Ma si interruppe di colpo e si guardò alle spalle. Anche Harry e Ron si guardarono rapidamente attorno. Era come se qualcuno avanzasse barcollando verso la radura. Attesero, ascoltando i suoni dei passi irregolari dietro gli alberi scuri. Ma i passi si fermarono all’improvviso.
«C’è nessuno?» gridò Harry.
Silenzio. Harry si alzò e guardò dietro l’albero. Era troppo buio per vedere molto oltre, ma avvertì qualcuno appena al di là del suo campo visivo.
«Chi c’è?» disse.
E poi. di colpo, una voce ruppe il silenzio. Una voce diversa da tutte quelle che avevano udito nel bosco, che non gridò di terrore, ma pronunciò una specie di incantesimo…
« MORSMORDRE !»
E qualcosa di enorme, verde e lucente sbucò dalla pozza di oscurità che gli occhi di Harry avevano tentato di penetrare: volò oltre le cime degli alberi, su in cielo.
«Cosa dia…» sussultò Ron balzando di nuovo in piedi e fissando la cosa.
Per un attimo, Harry pensò che fosse un’altra formazione di Lepricani. Poi vide: era un teschio colossale, fatto come di stelle di smeraldo, e con un serpente che gli usciva dalla bocca come una lingua. Si levò sempre più in alto, sotto i loro occhi, stagliandosi vivido in una cortina di fumo verdastro, stampato contro il cielo nero come una nuova costellazione.

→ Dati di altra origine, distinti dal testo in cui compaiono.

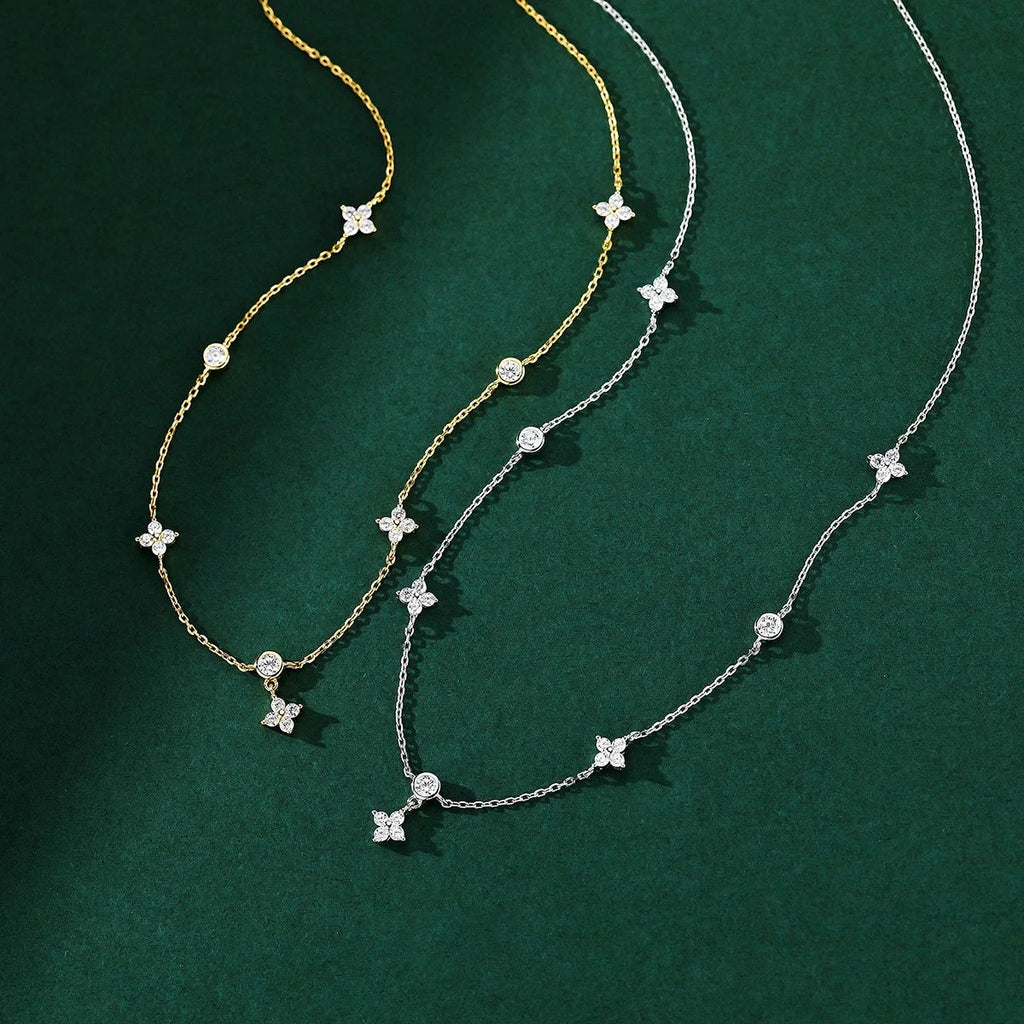 Choker Halskette mit Blumenanhänger aus Zirkon in Silber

All’improvviso, nel bosco tutto attorno a loro esplosero le grida. Harry non capiva perché, ma l’unica causa possibile era l’improvvisa comparsa del teschio, ora abbastanza alto da illuminare il bosco intero, come un sinistro cartellone al neon. Scrutò l’oscurità in cerca della persona che aveva evocato il teschio, ma non vide nessuno.
«Chi è là?» gridò di nuovo. Hermione afferrò il dorso della sua giacca e lo tirò indietro.
«Harry, andiamo, muoviti !»
«Che cosa succede?» chiese Harry, scosso nel vederla tanto pallida e terrorizzata.
«È il Marchio Nero, Harry!» gemette Hermione, tirandolo più forte che poteva. «Il segno di Tu-Sai-Chi!»
«Di Voldemort. …?»
«Harry, andiamo !»
Harry si voltò — Ron stava raccogliendo in fretta il suo miniKrum — e tutti e tre sfrecciarono attraverso la radura; ma prima che potessero fare più di qualche passo affrettato, una serie di scoppiettii annunciò l’arrivo di una ventina di maghi, che apparvero dal nulla e li circondarono.